LISTED RECORDS

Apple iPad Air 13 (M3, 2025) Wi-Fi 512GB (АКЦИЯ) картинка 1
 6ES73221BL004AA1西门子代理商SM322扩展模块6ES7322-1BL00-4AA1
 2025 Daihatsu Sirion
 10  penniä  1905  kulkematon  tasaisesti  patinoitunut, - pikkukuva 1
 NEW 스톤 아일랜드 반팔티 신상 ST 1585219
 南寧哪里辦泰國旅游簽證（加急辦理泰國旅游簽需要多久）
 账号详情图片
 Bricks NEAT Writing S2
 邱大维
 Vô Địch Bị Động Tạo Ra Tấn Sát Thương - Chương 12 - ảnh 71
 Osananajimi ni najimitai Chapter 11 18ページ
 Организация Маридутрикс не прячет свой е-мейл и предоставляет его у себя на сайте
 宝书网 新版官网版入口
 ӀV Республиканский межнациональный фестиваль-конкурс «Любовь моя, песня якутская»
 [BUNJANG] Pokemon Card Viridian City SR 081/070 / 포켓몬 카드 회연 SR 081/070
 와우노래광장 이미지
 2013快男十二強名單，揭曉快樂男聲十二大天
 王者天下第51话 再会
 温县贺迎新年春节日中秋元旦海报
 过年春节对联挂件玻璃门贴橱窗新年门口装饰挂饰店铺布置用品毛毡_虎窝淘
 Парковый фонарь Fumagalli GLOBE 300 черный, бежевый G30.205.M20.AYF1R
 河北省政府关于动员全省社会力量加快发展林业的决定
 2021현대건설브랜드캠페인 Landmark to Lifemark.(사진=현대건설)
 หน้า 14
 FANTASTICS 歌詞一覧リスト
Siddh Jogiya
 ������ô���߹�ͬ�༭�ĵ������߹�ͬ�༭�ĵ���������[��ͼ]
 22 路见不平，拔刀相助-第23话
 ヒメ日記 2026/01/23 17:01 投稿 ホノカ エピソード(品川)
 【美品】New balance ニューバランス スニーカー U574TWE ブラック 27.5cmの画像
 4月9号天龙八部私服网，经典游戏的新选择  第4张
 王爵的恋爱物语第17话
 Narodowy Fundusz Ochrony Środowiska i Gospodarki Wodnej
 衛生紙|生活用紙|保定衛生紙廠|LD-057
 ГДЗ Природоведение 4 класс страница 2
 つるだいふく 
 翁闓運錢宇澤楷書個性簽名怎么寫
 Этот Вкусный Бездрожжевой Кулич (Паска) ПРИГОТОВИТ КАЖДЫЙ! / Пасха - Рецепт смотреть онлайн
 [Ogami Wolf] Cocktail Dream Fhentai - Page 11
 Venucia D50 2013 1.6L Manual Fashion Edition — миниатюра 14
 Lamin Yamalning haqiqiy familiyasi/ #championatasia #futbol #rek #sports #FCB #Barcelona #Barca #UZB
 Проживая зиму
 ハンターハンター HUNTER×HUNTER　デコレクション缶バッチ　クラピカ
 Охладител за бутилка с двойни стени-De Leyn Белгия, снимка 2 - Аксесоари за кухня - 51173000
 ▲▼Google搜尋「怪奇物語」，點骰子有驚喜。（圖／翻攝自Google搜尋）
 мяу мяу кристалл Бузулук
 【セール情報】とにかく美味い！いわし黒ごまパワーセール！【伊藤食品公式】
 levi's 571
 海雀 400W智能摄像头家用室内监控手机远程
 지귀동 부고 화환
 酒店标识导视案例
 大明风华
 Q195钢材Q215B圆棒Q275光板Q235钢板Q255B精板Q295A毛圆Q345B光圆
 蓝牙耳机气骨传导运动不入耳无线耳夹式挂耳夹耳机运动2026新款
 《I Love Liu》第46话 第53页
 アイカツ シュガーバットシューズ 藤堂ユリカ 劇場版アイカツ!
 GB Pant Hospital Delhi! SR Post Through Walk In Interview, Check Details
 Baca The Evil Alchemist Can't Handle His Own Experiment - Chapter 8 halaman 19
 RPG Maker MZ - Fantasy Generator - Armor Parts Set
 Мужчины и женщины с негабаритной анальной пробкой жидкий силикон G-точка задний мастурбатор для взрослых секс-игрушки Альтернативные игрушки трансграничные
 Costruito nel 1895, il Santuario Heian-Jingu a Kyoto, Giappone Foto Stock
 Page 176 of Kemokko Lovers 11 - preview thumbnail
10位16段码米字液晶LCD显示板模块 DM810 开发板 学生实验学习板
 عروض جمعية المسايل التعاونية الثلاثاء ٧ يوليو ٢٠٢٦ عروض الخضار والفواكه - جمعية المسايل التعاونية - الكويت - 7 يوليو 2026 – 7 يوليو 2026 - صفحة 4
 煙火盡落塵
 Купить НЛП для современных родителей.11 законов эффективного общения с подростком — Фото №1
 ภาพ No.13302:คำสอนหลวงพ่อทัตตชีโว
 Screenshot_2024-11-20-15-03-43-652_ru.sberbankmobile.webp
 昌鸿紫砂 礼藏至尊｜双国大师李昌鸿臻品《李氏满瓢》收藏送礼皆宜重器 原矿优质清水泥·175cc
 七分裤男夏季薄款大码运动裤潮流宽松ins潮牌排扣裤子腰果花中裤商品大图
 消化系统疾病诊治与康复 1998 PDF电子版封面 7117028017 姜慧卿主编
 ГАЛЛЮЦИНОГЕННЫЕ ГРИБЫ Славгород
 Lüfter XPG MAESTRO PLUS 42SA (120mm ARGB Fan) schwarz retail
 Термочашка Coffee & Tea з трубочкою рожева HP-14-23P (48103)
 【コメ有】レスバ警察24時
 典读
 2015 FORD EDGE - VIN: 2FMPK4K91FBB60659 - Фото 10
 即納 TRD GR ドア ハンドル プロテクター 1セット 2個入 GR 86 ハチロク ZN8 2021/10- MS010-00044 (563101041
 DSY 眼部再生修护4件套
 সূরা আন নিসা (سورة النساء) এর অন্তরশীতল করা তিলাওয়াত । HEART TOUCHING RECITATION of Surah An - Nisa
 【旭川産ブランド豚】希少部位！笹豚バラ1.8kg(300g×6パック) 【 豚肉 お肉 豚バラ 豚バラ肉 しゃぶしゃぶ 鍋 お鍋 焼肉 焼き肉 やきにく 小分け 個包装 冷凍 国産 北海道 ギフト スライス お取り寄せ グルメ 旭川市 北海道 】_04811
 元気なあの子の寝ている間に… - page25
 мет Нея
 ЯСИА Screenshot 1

PROMPT
Copy all lines from the entries that contain the word "Chapter".

WRITTEN RESPONSE
 Osananajimi ni najimitai Chapter 11 18ページ
 Baca The Evil Alchemist Can't Handle His Own Experiment - Chapter 8 halaman 19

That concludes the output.